まだエル・ブリの凄さが日本に完全に伝えられていない頃、それでもグルマンやワインフリークの間には、断片的な情報は入ってきていた。

私はかつて、ビルバオのグッゲンハイム美術館を訪れるために、バルセロナからビルバオをブッキングした際にカタルーニャのエル・ブリを訪れようと計画したことがあった。

しかし、冬の閉店時期だったために、それは叶わなかった。

もし、エル・ブリの完全なる凄さが私の耳に入ってきたならば、エル・ブリの開店時期に合わせてビルバオに行っていたかもしれない。

それほどにも、エル・ブリは焦がれて行かなければならないレストランである。

世界規模での訪れるべきレストランやホテルの新しい情報ほど、日本に入ってくることが遅いと、私は痛感する。

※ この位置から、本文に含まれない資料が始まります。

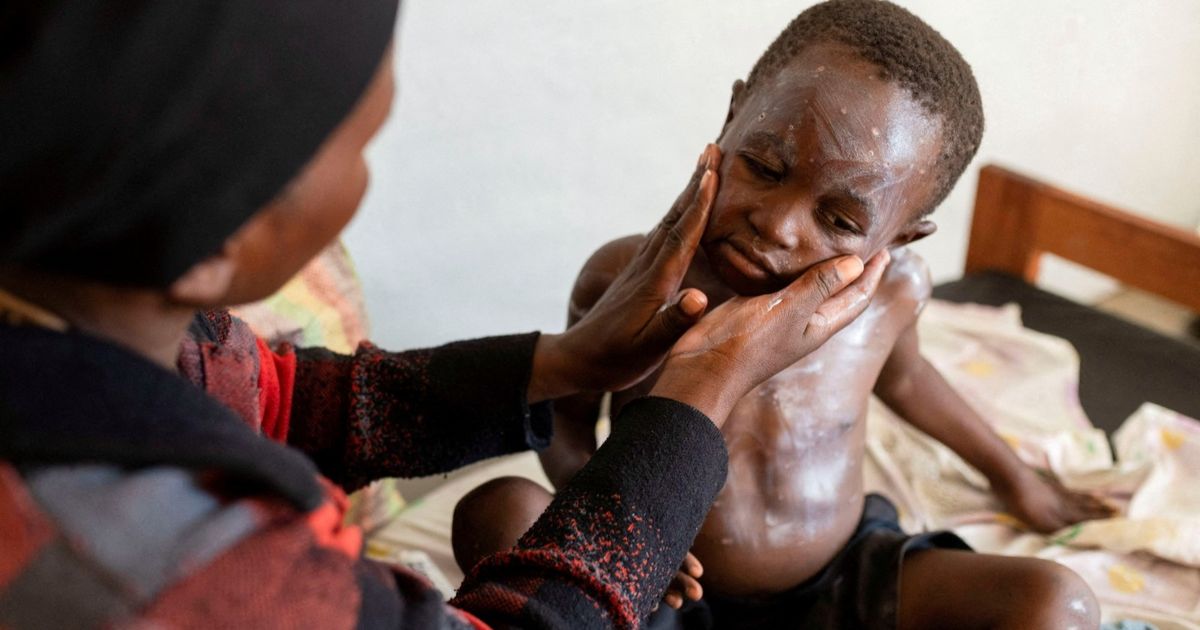 World Health Organization: 30.000 suspected monkey work in Africa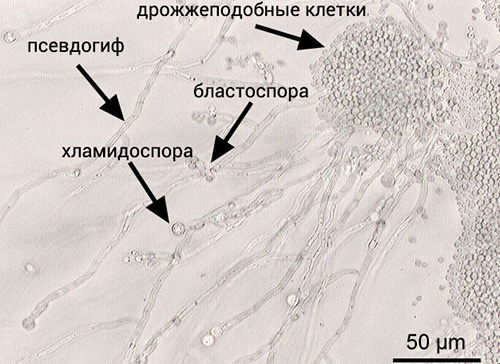 Строение вида Candida albicans, который наиболее распространен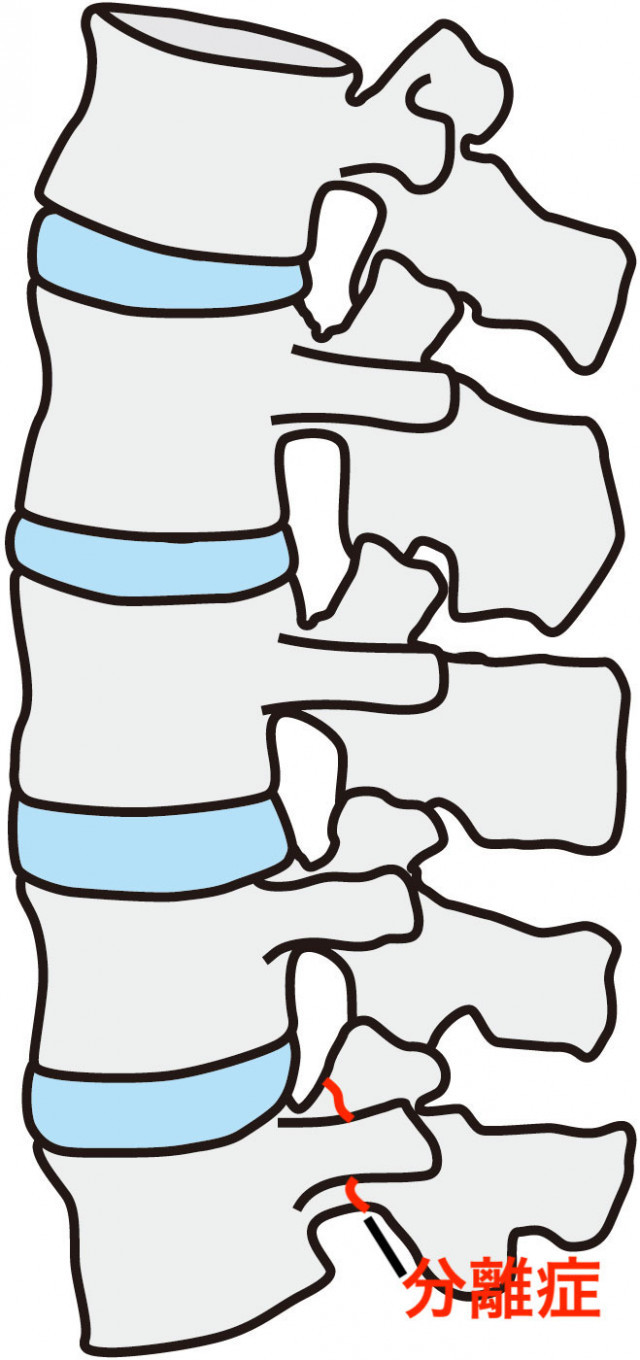 腰椎の画像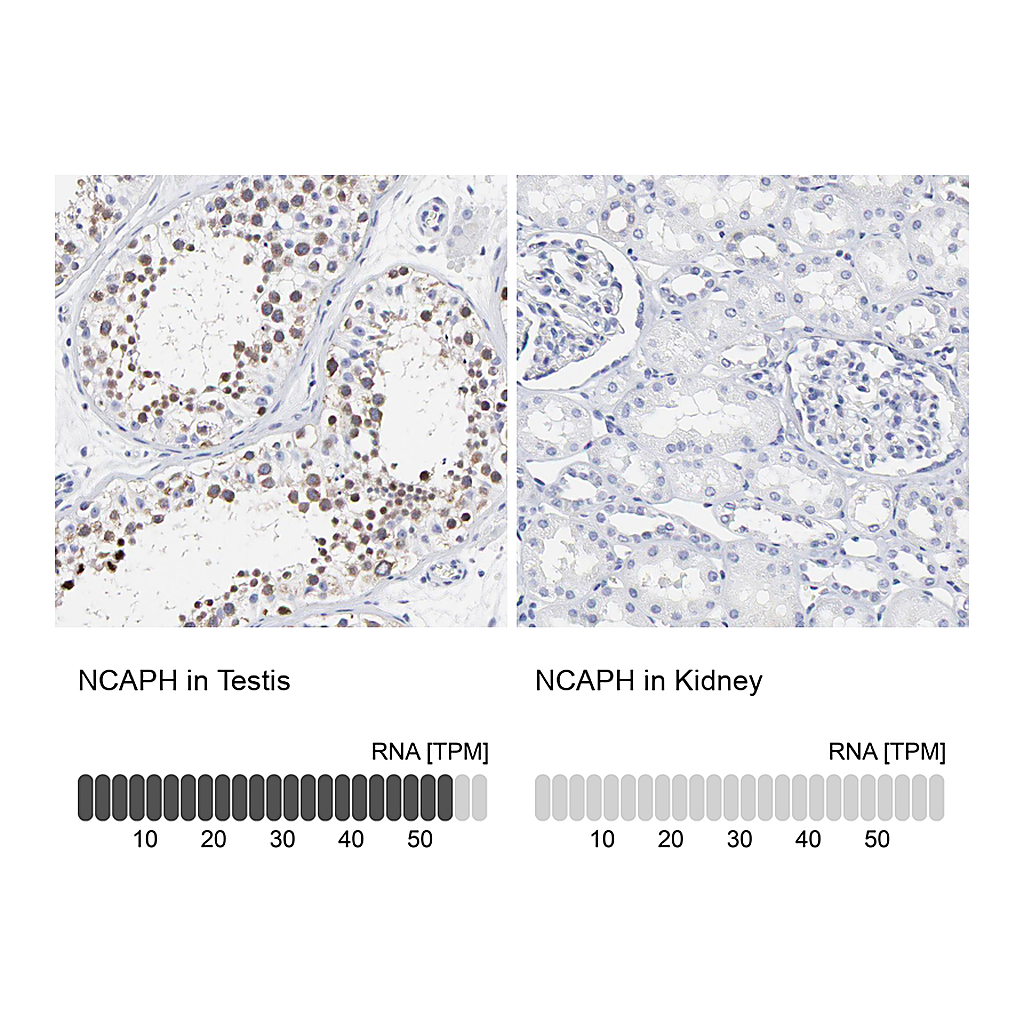 Atlas Antibodies Anti-NCAPH Antibody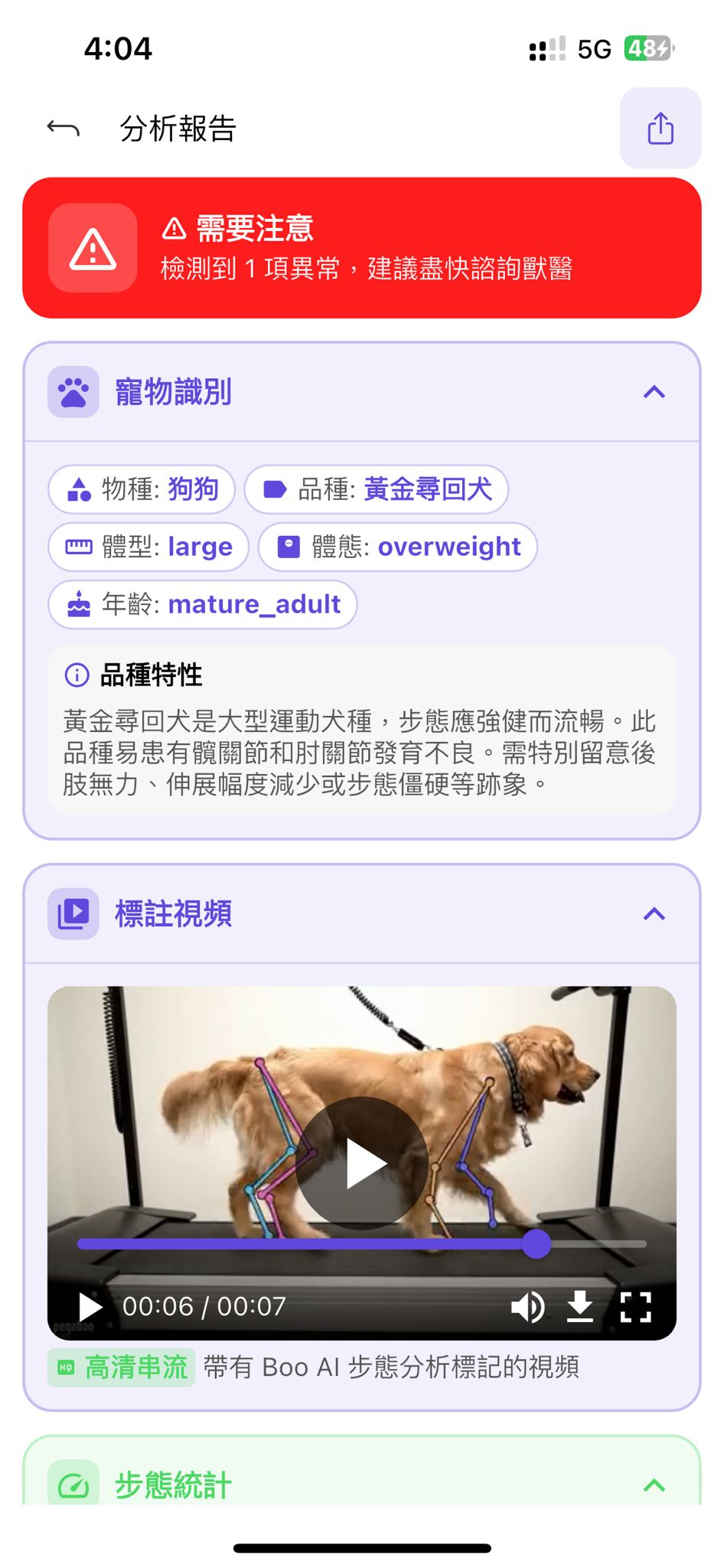 BOO AI Gait analysis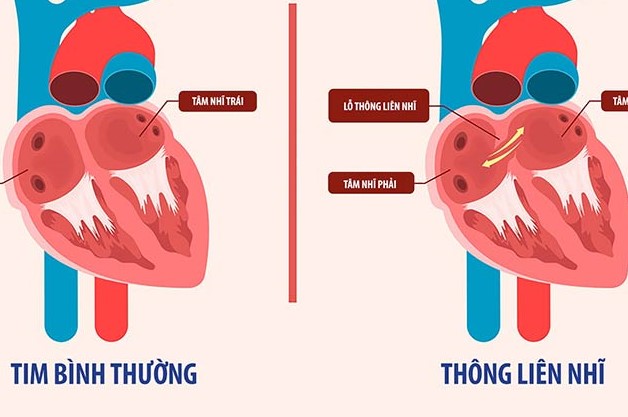 6-10% bệnh nhân thông liên nhĩ là do bẩm sinh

今でも鮮明に記憶しているが、アマンリゾーツの最初のホテル、アマンプリがオープンしたときにも、日本に入ってきた情報はごく僅かであった。

今でこそ我が日本の女性たちに大人気のアマンであるが、オープン当初は日本への情報発信がほとんどされていなかった、と言うと、信じられないと言う人がほとんどだろう。

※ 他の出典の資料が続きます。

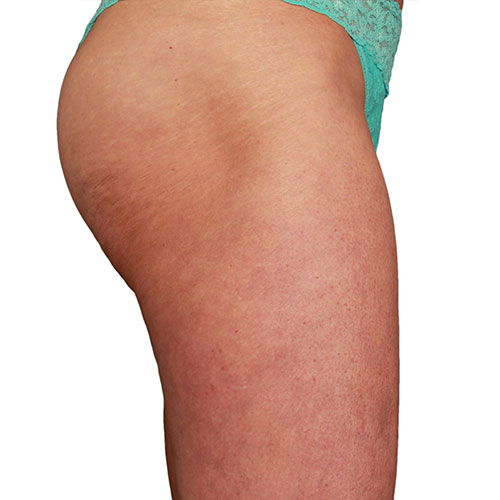 Venus Bliss Permanent Fat Reduction Legs  After in Calgary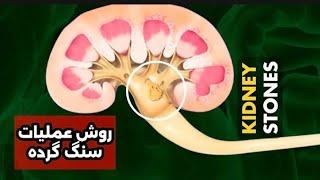 روش عملیات گرده #kidney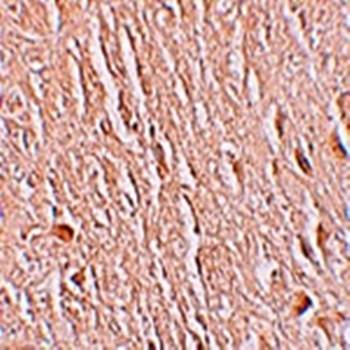 LRRTM3 Antibody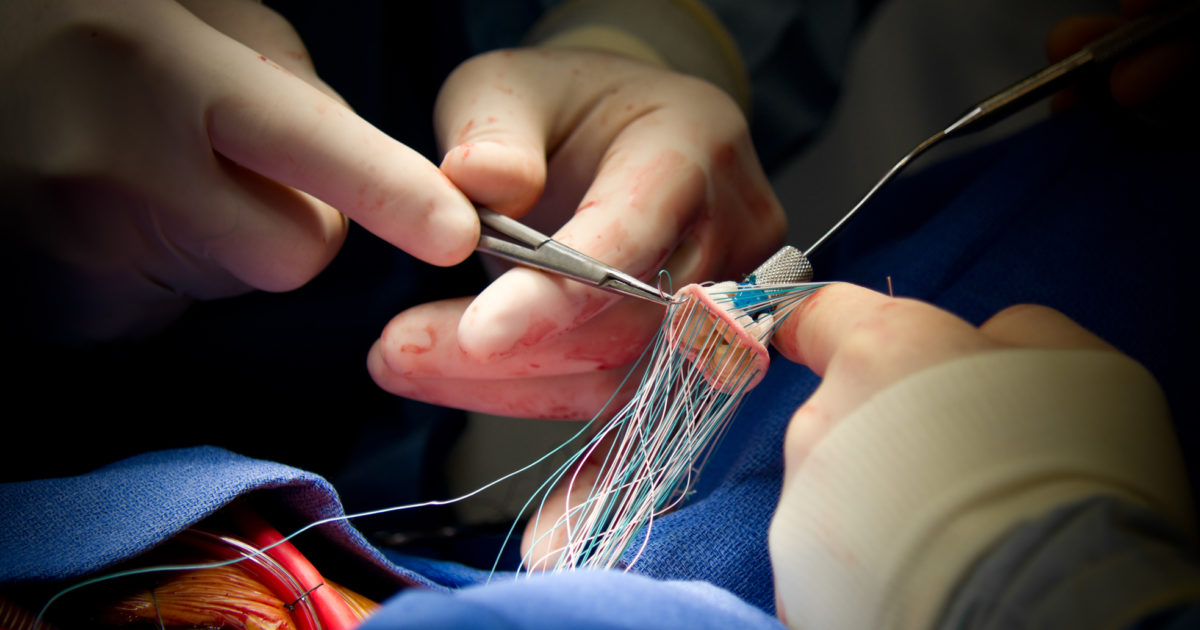 Heart Surgery Aortic Valve Replacement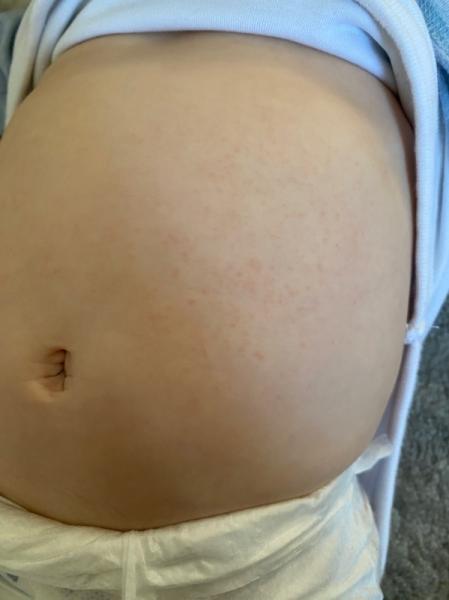 Bild zu Petechien - Baby Forum - Allgemeine Themen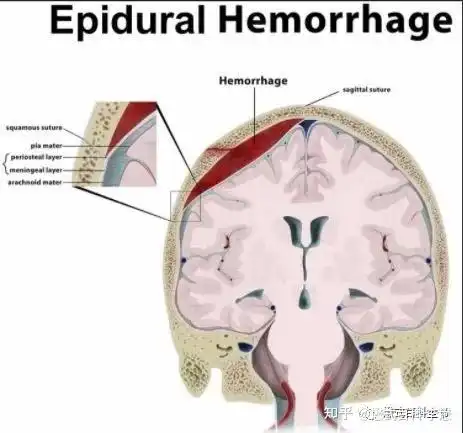 颅内血肿的影像诊断及鉴别诊断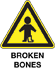 hazard-limb-broken-bone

私がプーケットを訪れようとしたときに、銀座にあったアメックスのトラベルカウンターにさえも、アマンプリのヴィジュアルな情報はなく、文字情報だけであった。

最高のラグジュアリーなホテルは、プーケット・ヨットクラブとアマンプリが併記されていて、ヴィジュアルな情報が完備されていた英語表記のプーケット・ヨットクラブよりも、文字情報だけしかなかった現地的な響きのするアマンプリを選んで、私は後悔しなかった。

こうして、オープン当初のアマンプリを訪れることができ、それ以来アマンリゾーツの虜になってしまう。

建築家、ハンス・ホラインに会いに行ったときに滞在したウイーンのシャトーホテル、パレ・コブルグも、まだ日本では誰も知らないだろう。

しかし数年後には、日本でブレイクするはずである。

世界中にある、まだ知らない素晴らしいレストランやホテルを訪れてみたいと思っているのは、私だけではないだろう。

このエル・ブリの、とてつもなく素晴らしい料理の数々を食べることの出来た人は、本当に幸せである。
料理と言う概念を覆した、創造性と斬新なコンセプト。

公開された映画、「エルブリの秘密 世界一予約のとれないレストラン」を鑑賞すると、フェラン・アドリアの生み出す料理は、料理を超えて芸術であることが誰の目にも理解できる。

フェラン・アドリアは、2007年ドイツの現代美術展ドクメンタ12にも参加した。
ドクメンタ12は、20世紀の重要な前衛芸術運動として、ピカソやモンドリアン、マティスを取り上げたり、ヨーゼフ・ボイスの作品を展示したりする、世界でもっとも重要な美術展の1つである。
もちろん、美術展に料理人が参加するのは初めてで、これは世界がフェラン・アドリアを芸術家として認めたことに他ならない。

食材を真空化したり、液体窒素で瞬間冷凍する。

エスプーマという泡立て手法を考案し、医療用のオブラートから食材を包む手法をインスピレーションする。

それは料理というよりは、美しい現代美術にも匹敵する創造物である。

「クリエイティブとは、真似をしないこと」
私たち建築家も、肝に銘じなければならない言葉だ。